Der Vize-Präsident des Vermögensverwalters BlackRock, Philipp Hildebrand, möchte die europäische Bankenaufsicht als unabhängige Institution positionieren.

(Reuters) Der Vize-Präsident des weltgrössten Vermögensverwalters Blackrock, Philipp Hildebrand, hat sich für eine Trennung der Bankenaufsicht von der EZB ausgesprochen.

«Langfristig sollte man sich überlegen, die Aufsicht aus der EZB herauszulösen und als unabhängige Institution zu positionieren», sagte der frühere Präsident der Schweizerischen Nationalbank dem «Spiegel» laut Vorabbericht vom Freitag.

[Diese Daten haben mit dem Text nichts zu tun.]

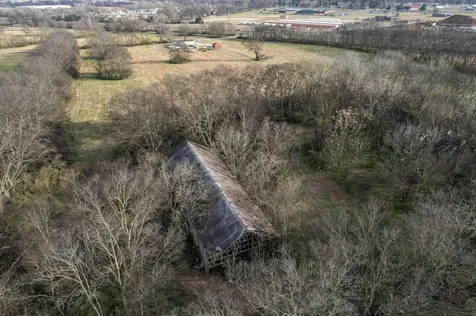 815 S Cross Bridges Road Mount Pleasant TN 38474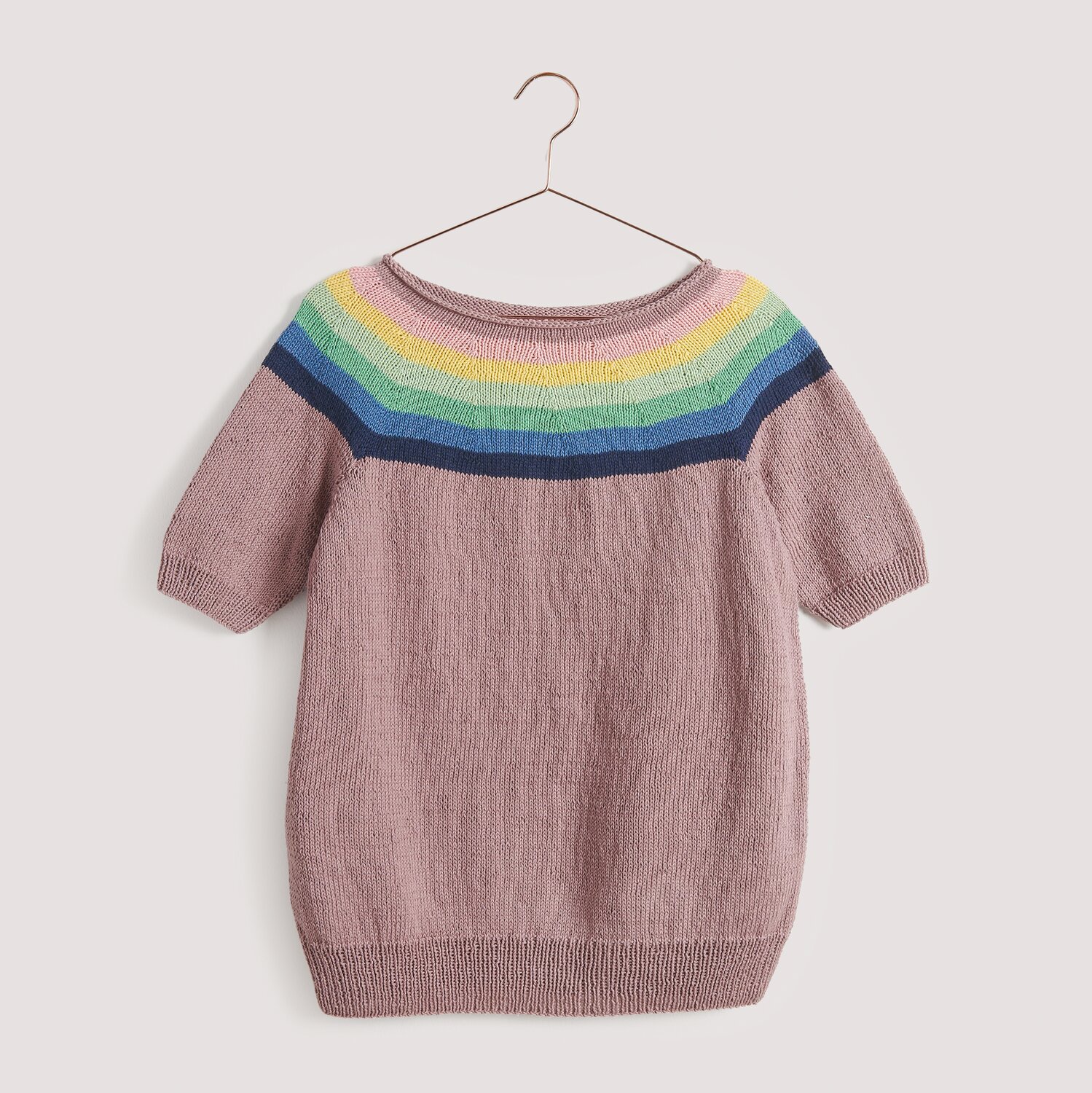 Gestricktes Top-Down-Shirt in Rosa mit Regenbogen-Kragen 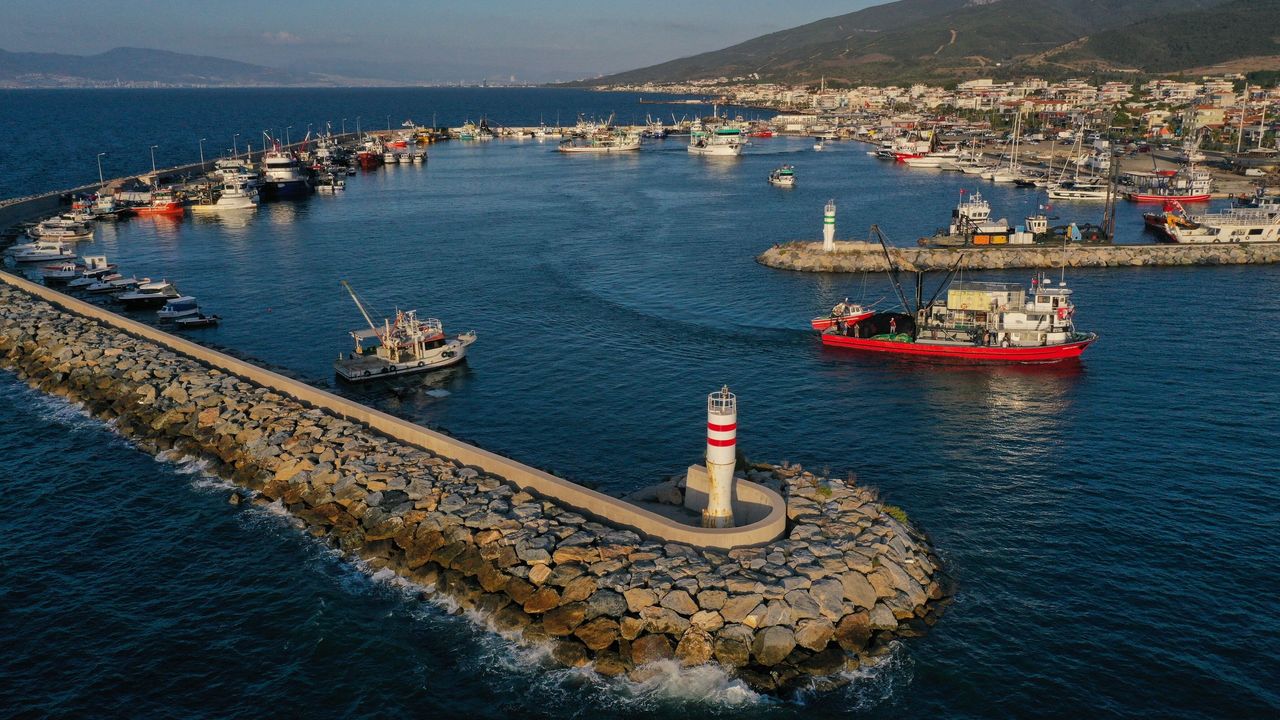 Balıkçı gemilerindeki takip cihazları yenileniyor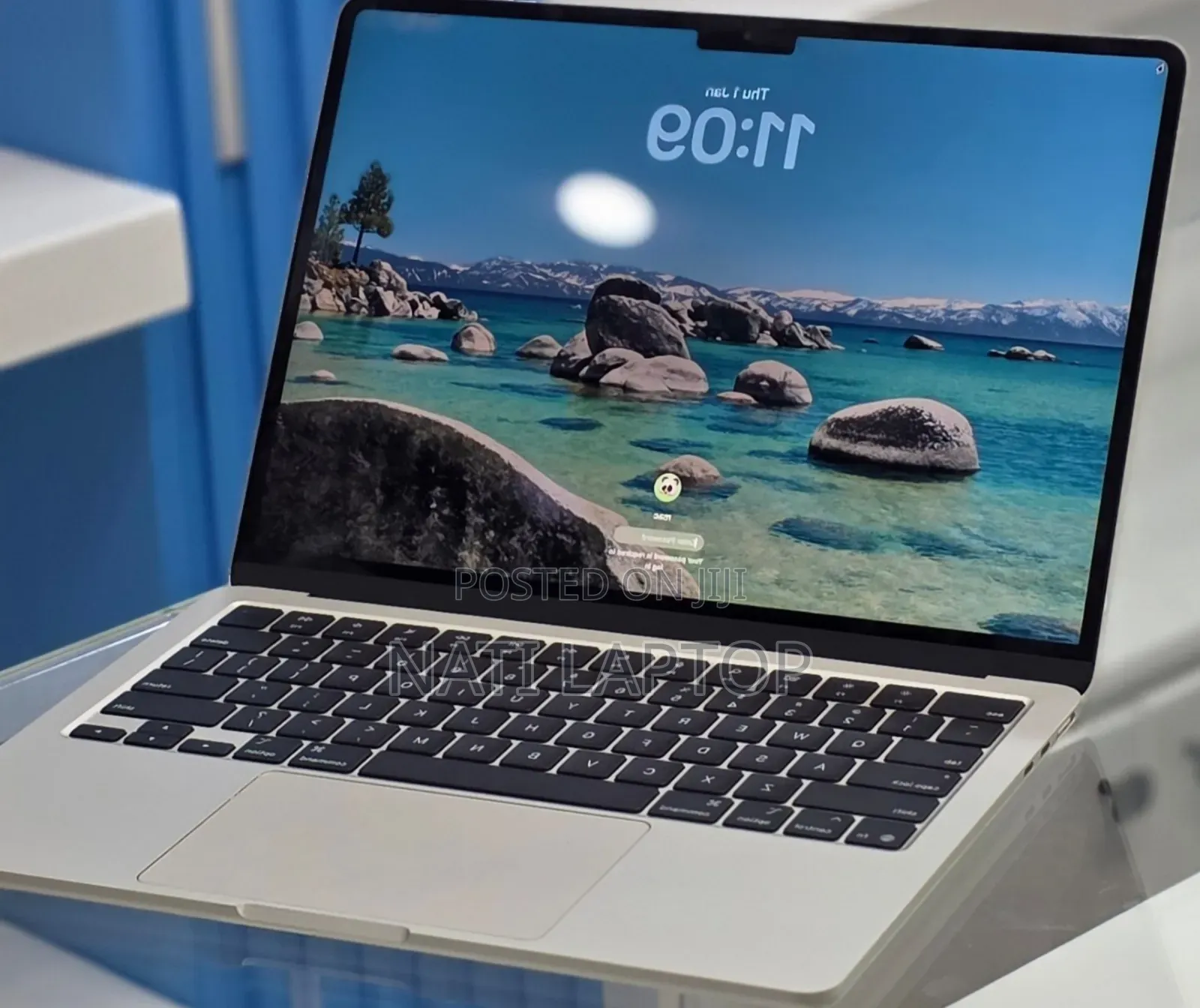 New Laptop Apple MacBook Air 2025 M4 16GB Apple M4 SSD 256GB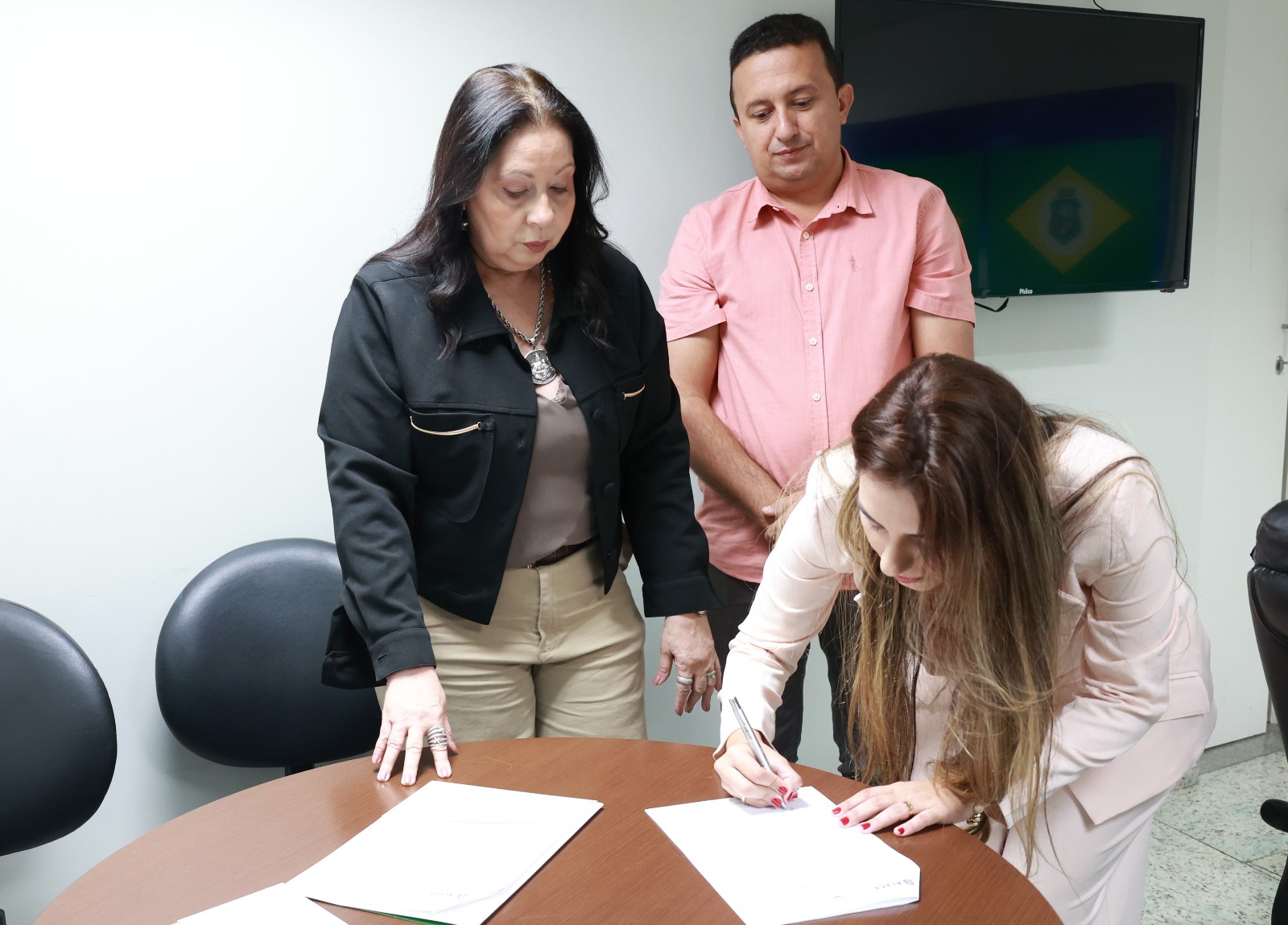 Procon Alece firma cooperação com três municípios cearenses
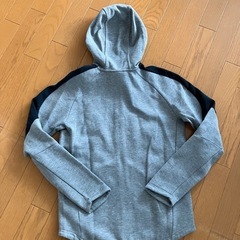 PUMAプーマパーカー Mの画像
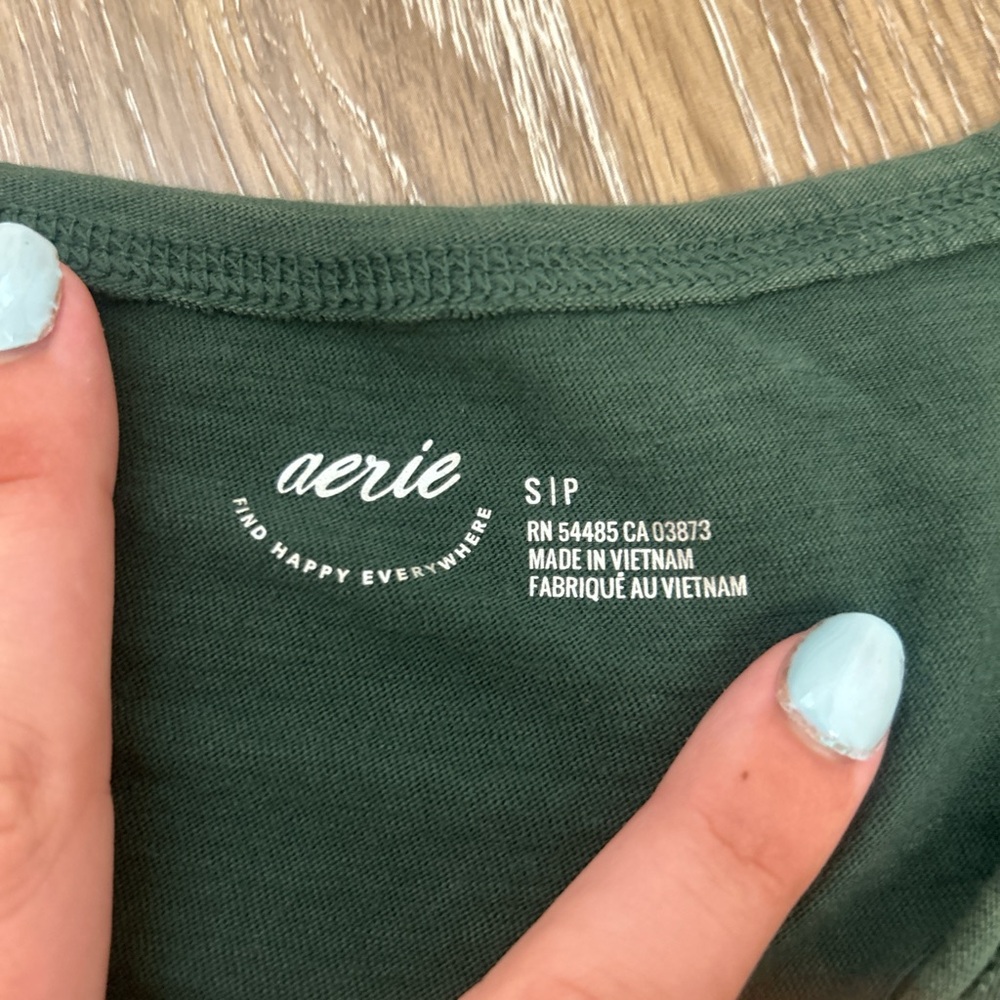 Aerie Women's Deep Green tank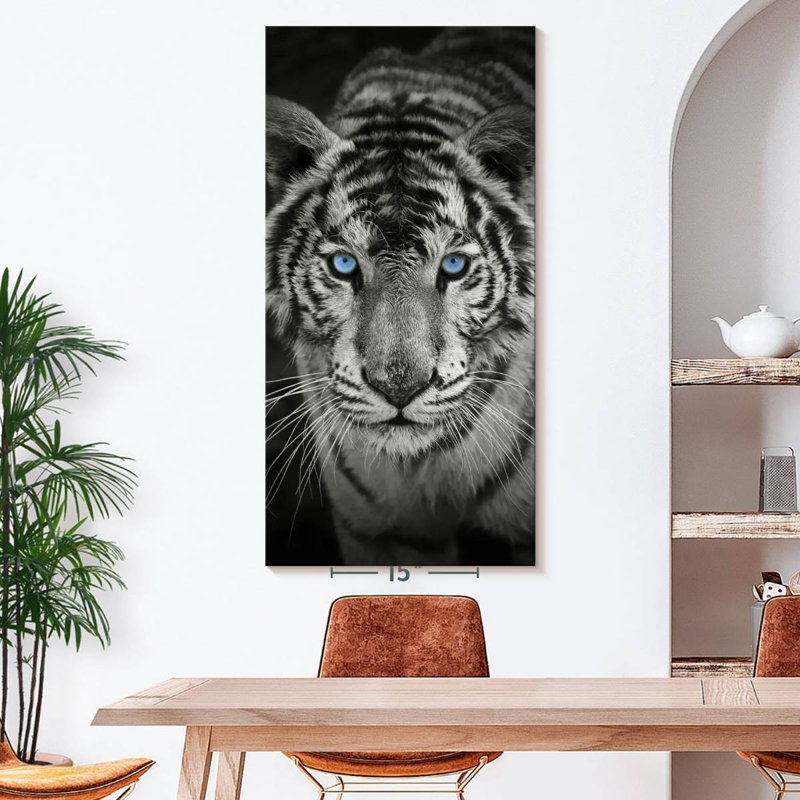 Tigre bleu sur toile, H 54 po x l 27 po x P 1,25 po
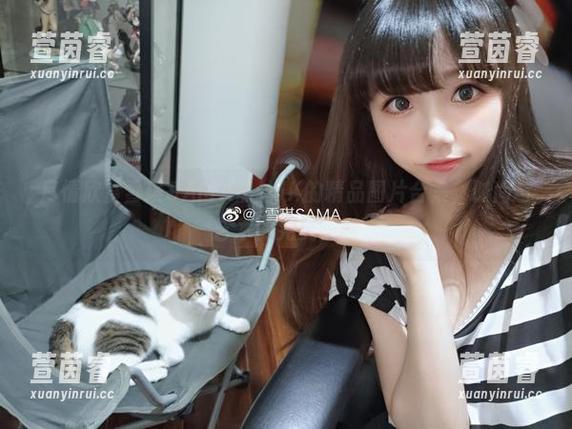 尽情欣赏雪琪SAMA黑丝JK的精品图片合集，时尚与艺术的完美交融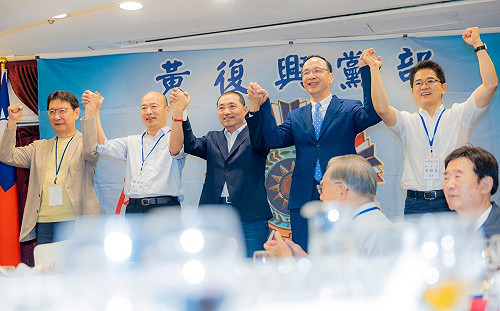 侯友宜同台韓國瑜 藍營人士：強調與中華民國、國民黨是密不可分的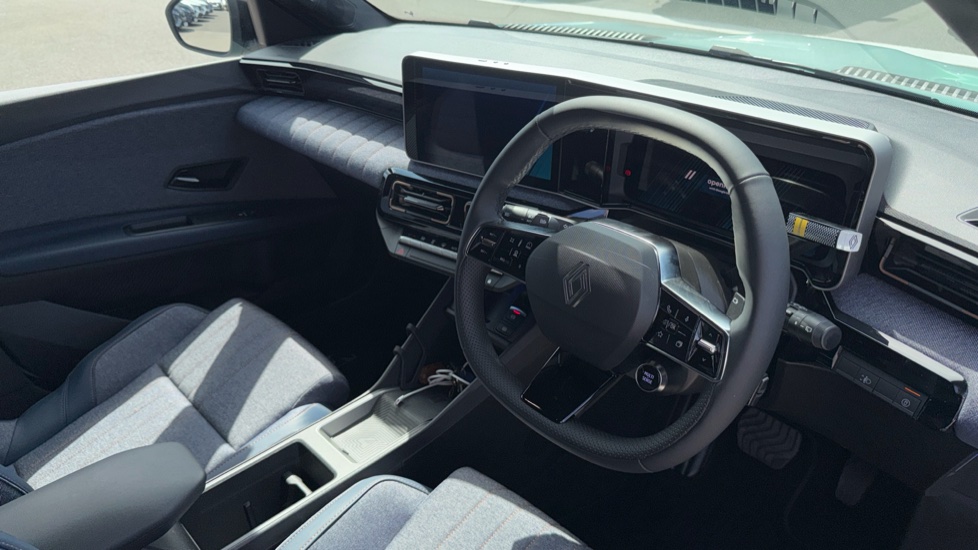 Renault 4 110kW Techno+ 52kWh Comfort range 5dr Auto Electric Estate - Image 11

Bundesbank-Vize Claudia Buch hatte im vergangenen Jahr ebenfalls diese Forderung erhoben. Die Europäische Zentralbank (EZB) ist seit Herbst 2014 für die Kontrolle der grössten Banken im Währungsraum zuständig.

Hildebrand zufolge muss sich Europa zudem in vielen Bereichen von der US-Dominanz befreien. «Wir sind abhängig von amerikanischen Zahlungssystemen, Rating-Agenturen und Stimmrechtsberatern. Wir sollten Alternativen entwickeln.» Eine der wichtigsten Lehren aus der Krise für Europas Banken sei, dass ihr Ausflug in das Investmentbanking angelsächsischer Prägung einen Scherbenhaufen hinterlassen habe.

In den Fonds von Blackrock liegen rund fünf Billionen Dollar. Neben Geld von Privatanlegern ist das vor allem Anlagekapital institutioneller Investoren wie Pensionsfonds und Versicherer.